Bitstrips founder visits San Francisco

SAN FRANCISCO

A few weeks ago, I took a gamble. Writing a story about an app I'd never heard of called "Bitstrips." Well, the story was a home run and so was the app. Now with 30 million users, Bitstrips are officially a thing and the guy who created them finally came up for air to give me that long-awaited interview.

"I've been making comics and cartoons since I was a little kid and it was always one of my favorite things to do with my friends," said Jacob "Ba" Blackstock, the Bitstrips CEO and creative director.

Unofficially, just about everyone calls him "Ba." He told us, "It's what my friends have been calling me since I was about 6 years old."

In a new corporate blog done comic book style, He greets his users and introduces the new holiday comics. You can plug yourself in right next to Frosty The Snowman. They make new cartoons every day.

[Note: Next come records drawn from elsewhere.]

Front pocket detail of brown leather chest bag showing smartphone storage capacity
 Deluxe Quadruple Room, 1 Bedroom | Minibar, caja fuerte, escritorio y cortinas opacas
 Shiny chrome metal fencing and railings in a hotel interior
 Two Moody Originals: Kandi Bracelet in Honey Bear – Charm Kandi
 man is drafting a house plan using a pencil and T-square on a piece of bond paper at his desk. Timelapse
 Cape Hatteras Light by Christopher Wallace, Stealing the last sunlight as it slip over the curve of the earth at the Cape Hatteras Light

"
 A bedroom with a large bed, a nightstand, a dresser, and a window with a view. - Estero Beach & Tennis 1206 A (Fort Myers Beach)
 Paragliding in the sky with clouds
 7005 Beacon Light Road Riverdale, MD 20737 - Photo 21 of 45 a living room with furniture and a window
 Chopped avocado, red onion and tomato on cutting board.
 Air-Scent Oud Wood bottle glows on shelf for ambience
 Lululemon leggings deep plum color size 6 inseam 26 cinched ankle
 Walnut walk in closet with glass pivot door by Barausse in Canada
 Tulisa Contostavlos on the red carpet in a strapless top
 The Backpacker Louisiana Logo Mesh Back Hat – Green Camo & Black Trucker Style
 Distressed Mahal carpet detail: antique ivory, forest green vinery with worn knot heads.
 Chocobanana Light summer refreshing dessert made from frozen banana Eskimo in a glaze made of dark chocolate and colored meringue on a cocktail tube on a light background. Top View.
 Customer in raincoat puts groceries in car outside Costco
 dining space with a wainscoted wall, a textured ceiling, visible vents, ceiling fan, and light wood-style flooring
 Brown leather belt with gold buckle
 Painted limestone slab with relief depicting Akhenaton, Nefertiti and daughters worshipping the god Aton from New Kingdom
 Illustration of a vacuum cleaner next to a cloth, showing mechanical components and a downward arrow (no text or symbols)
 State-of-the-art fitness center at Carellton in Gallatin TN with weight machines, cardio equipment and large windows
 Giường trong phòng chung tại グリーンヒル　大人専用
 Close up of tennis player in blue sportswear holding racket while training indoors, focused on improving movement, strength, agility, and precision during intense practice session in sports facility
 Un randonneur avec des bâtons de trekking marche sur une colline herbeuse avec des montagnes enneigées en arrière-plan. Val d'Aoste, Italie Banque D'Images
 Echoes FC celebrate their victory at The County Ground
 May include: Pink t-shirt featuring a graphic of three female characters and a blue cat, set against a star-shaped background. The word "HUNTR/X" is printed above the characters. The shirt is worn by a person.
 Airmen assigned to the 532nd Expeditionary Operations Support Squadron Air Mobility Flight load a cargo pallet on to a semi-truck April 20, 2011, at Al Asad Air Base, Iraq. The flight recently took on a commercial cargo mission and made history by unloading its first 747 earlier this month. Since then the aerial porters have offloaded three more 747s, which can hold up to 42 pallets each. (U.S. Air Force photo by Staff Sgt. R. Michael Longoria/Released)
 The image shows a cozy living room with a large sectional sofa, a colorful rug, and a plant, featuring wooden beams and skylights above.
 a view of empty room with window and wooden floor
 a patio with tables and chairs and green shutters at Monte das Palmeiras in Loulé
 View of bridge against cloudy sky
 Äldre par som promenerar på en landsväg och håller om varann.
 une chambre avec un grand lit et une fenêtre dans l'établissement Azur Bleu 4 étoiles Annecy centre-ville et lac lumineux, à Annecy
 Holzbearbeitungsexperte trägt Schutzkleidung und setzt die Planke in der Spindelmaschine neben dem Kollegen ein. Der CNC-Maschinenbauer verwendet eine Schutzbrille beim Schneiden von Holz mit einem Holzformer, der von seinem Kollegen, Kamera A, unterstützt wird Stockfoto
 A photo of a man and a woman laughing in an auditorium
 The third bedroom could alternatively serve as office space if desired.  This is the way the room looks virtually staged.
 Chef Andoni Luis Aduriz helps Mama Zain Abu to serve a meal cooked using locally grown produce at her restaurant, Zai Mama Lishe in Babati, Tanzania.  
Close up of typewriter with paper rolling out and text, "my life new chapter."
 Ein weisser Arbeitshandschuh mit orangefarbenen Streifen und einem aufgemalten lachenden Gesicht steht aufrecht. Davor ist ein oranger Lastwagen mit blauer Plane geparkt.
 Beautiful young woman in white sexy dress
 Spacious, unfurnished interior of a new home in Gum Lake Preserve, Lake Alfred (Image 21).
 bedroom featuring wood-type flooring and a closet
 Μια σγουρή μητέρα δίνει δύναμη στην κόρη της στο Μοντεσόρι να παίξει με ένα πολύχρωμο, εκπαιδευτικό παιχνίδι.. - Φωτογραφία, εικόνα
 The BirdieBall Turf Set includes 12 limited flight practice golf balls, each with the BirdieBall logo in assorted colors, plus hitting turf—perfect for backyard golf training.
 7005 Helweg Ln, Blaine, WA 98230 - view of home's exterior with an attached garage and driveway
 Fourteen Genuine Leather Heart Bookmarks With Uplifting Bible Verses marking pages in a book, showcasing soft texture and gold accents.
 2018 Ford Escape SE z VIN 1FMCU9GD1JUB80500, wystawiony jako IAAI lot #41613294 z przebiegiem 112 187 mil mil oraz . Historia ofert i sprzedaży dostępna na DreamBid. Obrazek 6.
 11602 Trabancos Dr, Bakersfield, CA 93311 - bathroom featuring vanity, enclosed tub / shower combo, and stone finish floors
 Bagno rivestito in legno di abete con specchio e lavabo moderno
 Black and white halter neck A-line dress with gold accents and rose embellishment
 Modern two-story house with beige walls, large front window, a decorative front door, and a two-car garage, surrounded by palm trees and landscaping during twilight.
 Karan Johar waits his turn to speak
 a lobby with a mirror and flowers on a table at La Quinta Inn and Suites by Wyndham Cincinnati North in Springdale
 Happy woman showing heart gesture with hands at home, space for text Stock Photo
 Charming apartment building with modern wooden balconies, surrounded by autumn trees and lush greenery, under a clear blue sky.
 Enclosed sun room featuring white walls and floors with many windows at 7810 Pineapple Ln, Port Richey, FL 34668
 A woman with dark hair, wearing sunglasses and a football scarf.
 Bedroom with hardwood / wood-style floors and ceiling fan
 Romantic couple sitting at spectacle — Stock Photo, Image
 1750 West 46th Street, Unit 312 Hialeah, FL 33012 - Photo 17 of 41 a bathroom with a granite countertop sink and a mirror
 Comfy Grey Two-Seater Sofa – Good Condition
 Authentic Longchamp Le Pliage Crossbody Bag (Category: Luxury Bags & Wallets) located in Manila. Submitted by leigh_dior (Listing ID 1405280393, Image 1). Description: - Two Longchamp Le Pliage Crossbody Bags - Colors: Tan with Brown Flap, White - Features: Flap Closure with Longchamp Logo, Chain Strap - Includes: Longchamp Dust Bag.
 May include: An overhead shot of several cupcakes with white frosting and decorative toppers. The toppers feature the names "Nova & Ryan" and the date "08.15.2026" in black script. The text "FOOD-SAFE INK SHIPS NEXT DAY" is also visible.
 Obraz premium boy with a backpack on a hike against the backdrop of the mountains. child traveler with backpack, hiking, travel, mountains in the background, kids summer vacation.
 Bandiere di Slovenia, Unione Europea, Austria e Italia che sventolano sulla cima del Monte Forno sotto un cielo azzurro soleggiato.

"We have a pretty small team. We actually have like a little writers room that's led by me and some of the other co-founders," said Blackstock.

Remember the writers' room from "Dick Van Dyke?" Well, we got to see the writers' room for Bitstrips -- complete with comfy couches, in a video they sent us from their headquarters in Toronto.

"And we just sit and write the comics. We do it all in little stick figures at first -- so we just have a stack of index cards," said Blackstock.

Eventually, those index cards make it onto a giant wall and if they're lucky, taken down and transformed into the full-color cartoons you can add your own face to. That's the high tech part. Blackstock says a lot of work went into the avatar builder.

"And it wasn't just about making a likeness of you, but it was about bringing emotion into it and making it really dynamic and expressive," said Blackstock.

So expressive, it was used to animate a French political ad.

One politician announced her candidacy with Bitstrips. There was even a Bitstrips biography of Nelson Mandela. Blackstock says it's only natural.

"It actually goes back to like the beginning of human history. People have been communicating with images and symbols and it does say a lot more than text," said Blackstock.

And let's face it, writing isn't always easy.